Task to carry out: Transcribe exactly the first line of the listing below and each line that follows it, ending with the line that contains "Tan & Brown", and omit the remainder.

• • • • •

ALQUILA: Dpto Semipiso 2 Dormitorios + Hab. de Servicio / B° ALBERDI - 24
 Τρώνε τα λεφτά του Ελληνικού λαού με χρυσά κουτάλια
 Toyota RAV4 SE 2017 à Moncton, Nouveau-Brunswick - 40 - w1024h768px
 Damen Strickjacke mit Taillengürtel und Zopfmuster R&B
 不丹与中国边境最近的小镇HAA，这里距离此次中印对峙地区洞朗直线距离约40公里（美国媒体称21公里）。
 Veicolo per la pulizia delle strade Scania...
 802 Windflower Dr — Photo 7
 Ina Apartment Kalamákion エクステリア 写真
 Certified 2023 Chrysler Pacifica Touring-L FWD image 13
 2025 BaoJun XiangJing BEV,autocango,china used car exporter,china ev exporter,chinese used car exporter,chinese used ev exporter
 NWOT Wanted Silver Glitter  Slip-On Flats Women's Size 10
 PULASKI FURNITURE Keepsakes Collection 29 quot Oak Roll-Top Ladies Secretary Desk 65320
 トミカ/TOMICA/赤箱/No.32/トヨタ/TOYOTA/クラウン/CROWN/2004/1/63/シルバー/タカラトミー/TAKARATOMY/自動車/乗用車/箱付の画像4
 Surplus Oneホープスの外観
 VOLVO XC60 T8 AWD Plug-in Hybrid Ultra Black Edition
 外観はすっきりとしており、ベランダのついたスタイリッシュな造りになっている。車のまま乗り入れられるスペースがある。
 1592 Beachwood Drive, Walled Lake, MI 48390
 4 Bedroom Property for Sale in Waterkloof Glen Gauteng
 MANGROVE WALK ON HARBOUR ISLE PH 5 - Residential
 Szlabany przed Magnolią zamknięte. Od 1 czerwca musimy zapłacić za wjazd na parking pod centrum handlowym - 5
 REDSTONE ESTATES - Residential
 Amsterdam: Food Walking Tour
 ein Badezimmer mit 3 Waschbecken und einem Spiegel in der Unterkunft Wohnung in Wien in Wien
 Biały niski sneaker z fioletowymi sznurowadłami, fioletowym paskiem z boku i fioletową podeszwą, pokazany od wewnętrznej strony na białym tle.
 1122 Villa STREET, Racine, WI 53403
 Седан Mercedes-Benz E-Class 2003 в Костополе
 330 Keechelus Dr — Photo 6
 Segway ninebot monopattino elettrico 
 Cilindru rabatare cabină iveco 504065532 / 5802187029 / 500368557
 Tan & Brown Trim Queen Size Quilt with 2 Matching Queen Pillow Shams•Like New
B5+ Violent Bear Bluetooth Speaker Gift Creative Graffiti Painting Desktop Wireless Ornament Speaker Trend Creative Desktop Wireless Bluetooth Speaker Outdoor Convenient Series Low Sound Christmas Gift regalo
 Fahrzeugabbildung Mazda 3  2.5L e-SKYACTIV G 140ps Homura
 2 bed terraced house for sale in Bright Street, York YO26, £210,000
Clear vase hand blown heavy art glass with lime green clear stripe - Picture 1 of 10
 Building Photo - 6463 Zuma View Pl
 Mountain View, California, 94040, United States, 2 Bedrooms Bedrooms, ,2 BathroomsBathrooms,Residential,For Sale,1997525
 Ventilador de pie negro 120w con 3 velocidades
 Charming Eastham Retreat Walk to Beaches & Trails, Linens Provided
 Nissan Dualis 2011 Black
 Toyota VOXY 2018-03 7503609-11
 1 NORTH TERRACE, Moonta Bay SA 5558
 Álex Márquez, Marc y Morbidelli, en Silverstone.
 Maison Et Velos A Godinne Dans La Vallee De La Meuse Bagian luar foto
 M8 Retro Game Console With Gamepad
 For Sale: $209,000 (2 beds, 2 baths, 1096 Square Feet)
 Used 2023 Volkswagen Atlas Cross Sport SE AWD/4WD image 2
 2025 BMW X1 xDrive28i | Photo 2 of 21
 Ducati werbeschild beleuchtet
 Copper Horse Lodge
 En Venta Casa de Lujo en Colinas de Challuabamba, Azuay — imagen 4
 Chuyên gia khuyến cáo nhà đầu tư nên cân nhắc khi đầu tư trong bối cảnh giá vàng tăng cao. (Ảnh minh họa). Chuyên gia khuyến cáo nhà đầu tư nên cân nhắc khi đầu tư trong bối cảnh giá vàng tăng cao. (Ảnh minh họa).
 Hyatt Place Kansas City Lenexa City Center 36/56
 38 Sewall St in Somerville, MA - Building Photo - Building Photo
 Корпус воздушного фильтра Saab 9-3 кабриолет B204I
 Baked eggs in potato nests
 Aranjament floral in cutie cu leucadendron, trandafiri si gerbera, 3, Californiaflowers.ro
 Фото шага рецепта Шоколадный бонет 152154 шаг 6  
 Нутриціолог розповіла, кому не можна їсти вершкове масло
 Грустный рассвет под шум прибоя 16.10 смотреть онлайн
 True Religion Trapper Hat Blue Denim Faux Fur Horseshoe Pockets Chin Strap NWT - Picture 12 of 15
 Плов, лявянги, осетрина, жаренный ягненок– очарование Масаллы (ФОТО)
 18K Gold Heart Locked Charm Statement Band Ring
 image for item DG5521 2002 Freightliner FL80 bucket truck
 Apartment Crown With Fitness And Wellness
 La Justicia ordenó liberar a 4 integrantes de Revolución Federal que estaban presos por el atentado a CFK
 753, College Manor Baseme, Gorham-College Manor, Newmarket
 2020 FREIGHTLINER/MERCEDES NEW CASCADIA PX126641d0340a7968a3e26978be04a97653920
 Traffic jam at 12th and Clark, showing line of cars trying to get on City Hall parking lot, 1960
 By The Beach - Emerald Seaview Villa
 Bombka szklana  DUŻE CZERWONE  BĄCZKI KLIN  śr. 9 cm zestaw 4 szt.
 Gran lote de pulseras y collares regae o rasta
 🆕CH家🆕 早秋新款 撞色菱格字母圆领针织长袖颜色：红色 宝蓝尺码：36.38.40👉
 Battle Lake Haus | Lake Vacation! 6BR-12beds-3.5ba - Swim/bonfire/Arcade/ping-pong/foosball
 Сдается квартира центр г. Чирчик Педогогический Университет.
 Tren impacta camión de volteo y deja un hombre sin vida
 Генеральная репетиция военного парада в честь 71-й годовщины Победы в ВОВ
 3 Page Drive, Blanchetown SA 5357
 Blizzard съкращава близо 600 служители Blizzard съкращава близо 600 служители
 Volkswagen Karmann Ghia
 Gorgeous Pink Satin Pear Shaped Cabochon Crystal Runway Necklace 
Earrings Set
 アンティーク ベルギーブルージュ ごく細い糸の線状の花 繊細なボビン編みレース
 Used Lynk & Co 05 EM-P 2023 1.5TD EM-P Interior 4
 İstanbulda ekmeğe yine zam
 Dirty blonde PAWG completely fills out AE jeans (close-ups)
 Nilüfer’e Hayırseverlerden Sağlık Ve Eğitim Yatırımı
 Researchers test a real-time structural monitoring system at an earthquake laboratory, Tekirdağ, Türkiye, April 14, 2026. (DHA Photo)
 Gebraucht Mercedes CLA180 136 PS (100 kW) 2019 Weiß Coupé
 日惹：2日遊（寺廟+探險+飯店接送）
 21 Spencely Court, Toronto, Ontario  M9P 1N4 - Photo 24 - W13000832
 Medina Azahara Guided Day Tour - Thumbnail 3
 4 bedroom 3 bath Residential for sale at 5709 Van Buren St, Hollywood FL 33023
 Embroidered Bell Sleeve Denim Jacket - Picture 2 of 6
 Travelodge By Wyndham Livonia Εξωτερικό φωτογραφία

• • • • •

Answer:
ALQUILA: Dpto Semipiso 2 Dormitorios + Hab. de Servicio / B° ALBERDI - 24
 Τρώνε τα λεφτά του Ελληνικού λαού με χρυσά κουτάλια
 Toyota RAV4 SE 2017 à Moncton, Nouveau-Brunswick - 40 - w1024h768px
 Damen Strickjacke mit Taillengürtel und Zopfmuster R&B
 不丹与中国边境最近的小镇HAA，这里距离此次中印对峙地区洞朗直线距离约40公里（美国媒体称21公里）。
 Veicolo per la pulizia delle strade Scania...
 802 Windflower Dr — Photo 7
 Ina Apartment Kalamákion エクステリア 写真
 Certified 2023 Chrysler Pacifica Touring-L FWD image 13
 2025 BaoJun XiangJing BEV,autocango,china used car exporter,china ev exporter,chinese used car exporter,chinese used ev exporter
 NWOT Wanted Silver Glitter  Slip-On Flats Women's Size 10
 PULASKI FURNITURE Keepsakes Collection 29 quot Oak Roll-Top Ladies Secretary Desk 65320
 トミカ/TOMICA/赤箱/No.32/トヨタ/TOYOTA/クラウン/CROWN/2004/1/63/シルバー/タカラトミー/TAKARATOMY/自動車/乗用車/箱付の画像4
 Surplus Oneホープスの外観
 VOLVO XC60 T8 AWD Plug-in Hybrid Ultra Black Edition
 外観はすっきりとしており、ベランダのついたスタイリッシュな造りになっている。車のまま乗り入れられるスペースがある。
 1592 Beachwood Drive, Walled Lake, MI 48390
 4 Bedroom Property for Sale in Waterkloof Glen Gauteng
 MANGROVE WALK ON HARBOUR ISLE PH 5 - Residential
 Szlabany przed Magnolią zamknięte. Od 1 czerwca musimy zapłacić za wjazd na parking pod centrum handlowym - 5
 REDSTONE ESTATES - Residential
 Amsterdam: Food Walking Tour
 ein Badezimmer mit 3 Waschbecken und einem Spiegel in der Unterkunft Wohnung in Wien in Wien
 Biały niski sneaker z fioletowymi sznurowadłami, fioletowym paskiem z boku i fioletową podeszwą, pokazany od wewnętrznej strony na białym tle.
 1122 Villa STREET, Racine, WI 53403
 Седан Mercedes-Benz E-Class 2003 в Костополе
 330 Keechelus Dr — Photo 6
 Segway ninebot monopattino elettrico 
 Cilindru rabatare cabină iveco 504065532 / 5802187029 / 500368557
 Tan & Brown Trim Queen Size Quilt with 2 Matching Queen Pillow Shams•Like New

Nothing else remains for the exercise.